Why Would A Country's Leader Order Never Ending Sorties Knowing They Wouldn't Work?


Because, well....

The base:

President Richard Nixon believed that years of aerial bombing in Southeast Asia to pressure North Vietnam achieved “zilch” even as he publicly declared it was effective and ordered more bombing while running for reelection in 1972...

If you get my drift.



North Van's Grumps said...

If Harper is our "Nixon"
If PMO is our "K"
If Duffy is our "Butterfield"


Scotty on denman said...

Nixon and Harper might have a lot in common in the evil department, but I always thought of Nixon as being at least interesting---in the Chinese curse sort of way---and for all his flaws, much more human than Harper who seems robotic in comparison. But, then again, maybe "interesting" just comes with the territory when one occupies the most powerful office in the world.

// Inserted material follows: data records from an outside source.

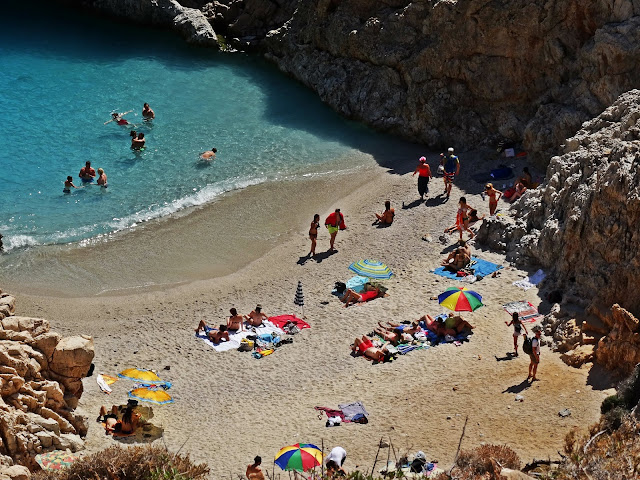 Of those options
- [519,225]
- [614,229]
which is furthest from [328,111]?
[614,229]

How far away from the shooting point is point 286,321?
83.8ft

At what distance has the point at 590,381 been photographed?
21.2 m

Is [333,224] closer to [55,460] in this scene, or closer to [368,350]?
[368,350]

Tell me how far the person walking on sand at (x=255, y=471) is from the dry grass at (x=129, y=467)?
4.96 ft

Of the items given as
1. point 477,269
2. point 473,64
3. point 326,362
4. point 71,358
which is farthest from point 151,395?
point 473,64

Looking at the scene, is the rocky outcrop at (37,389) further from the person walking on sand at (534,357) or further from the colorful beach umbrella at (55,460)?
the person walking on sand at (534,357)

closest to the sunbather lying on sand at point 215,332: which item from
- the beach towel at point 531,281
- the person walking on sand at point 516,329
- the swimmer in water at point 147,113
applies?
the person walking on sand at point 516,329

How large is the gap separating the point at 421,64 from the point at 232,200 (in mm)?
9040

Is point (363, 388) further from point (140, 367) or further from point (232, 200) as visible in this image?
point (232, 200)

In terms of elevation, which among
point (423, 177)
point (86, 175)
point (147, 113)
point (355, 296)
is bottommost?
point (355, 296)

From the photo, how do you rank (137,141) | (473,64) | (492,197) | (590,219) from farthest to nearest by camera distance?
1. (137,141)
2. (473,64)
3. (492,197)
4. (590,219)

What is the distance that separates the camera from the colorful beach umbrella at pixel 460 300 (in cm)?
2380

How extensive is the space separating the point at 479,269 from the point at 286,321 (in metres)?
5.53

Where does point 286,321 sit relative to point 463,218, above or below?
below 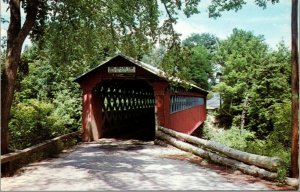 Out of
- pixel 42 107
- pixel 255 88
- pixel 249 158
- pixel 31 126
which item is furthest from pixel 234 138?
pixel 249 158

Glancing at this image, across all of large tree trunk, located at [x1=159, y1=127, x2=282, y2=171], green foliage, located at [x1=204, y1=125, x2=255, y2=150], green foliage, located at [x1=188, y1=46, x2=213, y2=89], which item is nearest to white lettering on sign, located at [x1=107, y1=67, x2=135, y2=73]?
large tree trunk, located at [x1=159, y1=127, x2=282, y2=171]

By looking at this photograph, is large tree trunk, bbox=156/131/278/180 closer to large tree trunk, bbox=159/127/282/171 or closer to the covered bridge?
large tree trunk, bbox=159/127/282/171

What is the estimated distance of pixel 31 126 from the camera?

The Cons almost exclusive messaging to their base has been the main feature of this campaign which does beg the question: what does Harper have to worry about? What's with pandering to the base to the exclusion of everybody else? Almost no attempt has been made to proselytize or grow outside of the base. All this overweening attention makes it look like it's their base's solidarity that's giving them ulcers. Almost everything they've done seems to have been aimed squarely at the base. The early campaign call allowed them to corral core partisans inside locked-down, invitation-only rallies where handlers could best manage news from the Duffy trial; a central economic theme isn't surprising, but the disgusting niqab demagoguery seems like red-meat with only the base's tastes in mind (I think it's otherwise pretty risky---it just might backfire like ridiculing Chretien's facial palsy did). The Cons' marijuana policy definitely isn't going to steal any votes from Justin Trudeau, but it's gospel for the base---nice and unscientific, just they way they like it.

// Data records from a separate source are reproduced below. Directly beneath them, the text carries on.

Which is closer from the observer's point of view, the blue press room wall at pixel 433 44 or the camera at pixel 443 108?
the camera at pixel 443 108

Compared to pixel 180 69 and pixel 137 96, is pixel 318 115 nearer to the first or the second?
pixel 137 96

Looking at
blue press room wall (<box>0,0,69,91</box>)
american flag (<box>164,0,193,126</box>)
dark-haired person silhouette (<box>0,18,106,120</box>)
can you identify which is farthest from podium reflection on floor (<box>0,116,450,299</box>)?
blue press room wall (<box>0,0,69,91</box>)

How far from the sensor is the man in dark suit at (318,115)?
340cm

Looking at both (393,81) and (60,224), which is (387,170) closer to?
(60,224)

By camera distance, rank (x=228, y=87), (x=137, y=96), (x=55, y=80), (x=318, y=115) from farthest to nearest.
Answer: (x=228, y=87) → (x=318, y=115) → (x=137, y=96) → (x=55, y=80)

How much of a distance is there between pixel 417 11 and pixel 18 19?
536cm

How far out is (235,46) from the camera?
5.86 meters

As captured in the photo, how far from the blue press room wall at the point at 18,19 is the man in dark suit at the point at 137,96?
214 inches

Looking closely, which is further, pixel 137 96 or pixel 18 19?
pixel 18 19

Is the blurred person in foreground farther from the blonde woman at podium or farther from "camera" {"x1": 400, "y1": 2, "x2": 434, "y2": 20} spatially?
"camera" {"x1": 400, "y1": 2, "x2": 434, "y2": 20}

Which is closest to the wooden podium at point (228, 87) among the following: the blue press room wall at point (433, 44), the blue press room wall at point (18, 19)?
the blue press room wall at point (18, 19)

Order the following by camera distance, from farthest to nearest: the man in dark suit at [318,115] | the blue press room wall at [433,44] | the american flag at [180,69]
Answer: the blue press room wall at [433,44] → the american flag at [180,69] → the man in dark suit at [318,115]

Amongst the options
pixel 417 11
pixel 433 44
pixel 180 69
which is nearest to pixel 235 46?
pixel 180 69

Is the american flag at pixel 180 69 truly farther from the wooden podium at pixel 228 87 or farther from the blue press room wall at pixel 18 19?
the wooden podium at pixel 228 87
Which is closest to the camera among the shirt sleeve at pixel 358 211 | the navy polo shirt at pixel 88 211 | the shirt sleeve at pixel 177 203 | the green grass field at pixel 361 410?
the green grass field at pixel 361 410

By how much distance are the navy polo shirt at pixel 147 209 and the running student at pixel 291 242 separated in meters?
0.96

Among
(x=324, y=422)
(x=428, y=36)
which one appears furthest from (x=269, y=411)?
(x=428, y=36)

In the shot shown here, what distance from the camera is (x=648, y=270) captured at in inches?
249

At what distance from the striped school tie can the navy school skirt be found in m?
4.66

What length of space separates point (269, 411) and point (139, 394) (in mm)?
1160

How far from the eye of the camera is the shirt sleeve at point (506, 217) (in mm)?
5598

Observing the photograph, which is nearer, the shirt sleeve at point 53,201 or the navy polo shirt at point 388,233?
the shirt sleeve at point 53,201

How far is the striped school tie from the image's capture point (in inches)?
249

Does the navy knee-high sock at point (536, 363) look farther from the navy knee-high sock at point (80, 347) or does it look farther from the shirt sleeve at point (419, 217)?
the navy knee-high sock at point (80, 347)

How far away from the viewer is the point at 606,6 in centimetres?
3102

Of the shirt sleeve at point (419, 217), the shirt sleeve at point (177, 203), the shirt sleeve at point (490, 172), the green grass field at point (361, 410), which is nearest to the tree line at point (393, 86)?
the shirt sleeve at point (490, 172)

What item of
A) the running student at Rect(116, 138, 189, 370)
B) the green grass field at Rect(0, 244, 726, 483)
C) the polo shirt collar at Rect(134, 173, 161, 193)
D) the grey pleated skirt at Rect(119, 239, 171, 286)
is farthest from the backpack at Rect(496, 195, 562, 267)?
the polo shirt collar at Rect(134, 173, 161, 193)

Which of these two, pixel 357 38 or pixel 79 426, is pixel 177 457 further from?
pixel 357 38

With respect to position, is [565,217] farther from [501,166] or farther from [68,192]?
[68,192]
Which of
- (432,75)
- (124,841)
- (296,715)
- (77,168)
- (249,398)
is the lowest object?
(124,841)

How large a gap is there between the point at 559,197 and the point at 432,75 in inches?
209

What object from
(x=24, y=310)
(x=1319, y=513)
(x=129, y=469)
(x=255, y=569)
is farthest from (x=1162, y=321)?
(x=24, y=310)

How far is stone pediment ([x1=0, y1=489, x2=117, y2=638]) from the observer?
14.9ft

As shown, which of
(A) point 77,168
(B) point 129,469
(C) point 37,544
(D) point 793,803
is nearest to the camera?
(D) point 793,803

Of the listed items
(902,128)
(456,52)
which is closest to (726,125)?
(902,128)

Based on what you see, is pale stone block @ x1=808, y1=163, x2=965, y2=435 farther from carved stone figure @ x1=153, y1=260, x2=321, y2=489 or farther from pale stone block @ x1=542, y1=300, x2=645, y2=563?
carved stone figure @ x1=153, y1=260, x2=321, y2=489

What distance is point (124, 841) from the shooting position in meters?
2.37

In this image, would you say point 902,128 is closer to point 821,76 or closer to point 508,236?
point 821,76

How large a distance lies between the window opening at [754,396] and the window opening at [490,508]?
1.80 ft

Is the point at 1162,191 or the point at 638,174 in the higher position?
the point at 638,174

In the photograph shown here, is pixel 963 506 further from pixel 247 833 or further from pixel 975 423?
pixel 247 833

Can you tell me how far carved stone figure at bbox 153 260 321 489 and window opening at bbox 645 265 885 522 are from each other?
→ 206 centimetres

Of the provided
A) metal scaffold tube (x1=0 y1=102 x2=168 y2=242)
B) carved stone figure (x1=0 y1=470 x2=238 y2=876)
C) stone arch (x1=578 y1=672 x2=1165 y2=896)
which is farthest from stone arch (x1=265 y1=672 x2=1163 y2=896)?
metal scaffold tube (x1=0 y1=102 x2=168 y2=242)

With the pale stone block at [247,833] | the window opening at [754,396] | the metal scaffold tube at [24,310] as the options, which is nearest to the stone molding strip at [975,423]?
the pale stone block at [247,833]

"Zilch" is a good description of Canada's contribution to military theatres in the Arab world, and in the Ukraine. It's definitely political in inception, and, again, it's got the base forefront in mind.

If you look at the various factions within the Con party, it's plain some important ones must be disappointed with Harper: seven deficits in a row doesn't make fiscal Cons happy; procurement of F-35 jets is certainly no way to run a business; more than a few patriotic Cons have probably already taken flight because of how veterans have been maltreated; social Cons were told at the beginning of this majority that the sock they were to put in their abortion and gay-marriage crusades during the minorities will be permanent, not temporary the way Harper had negotiated the bible-thumpers' quiescence. It's more than just plausible that disaffection exists in the Con base.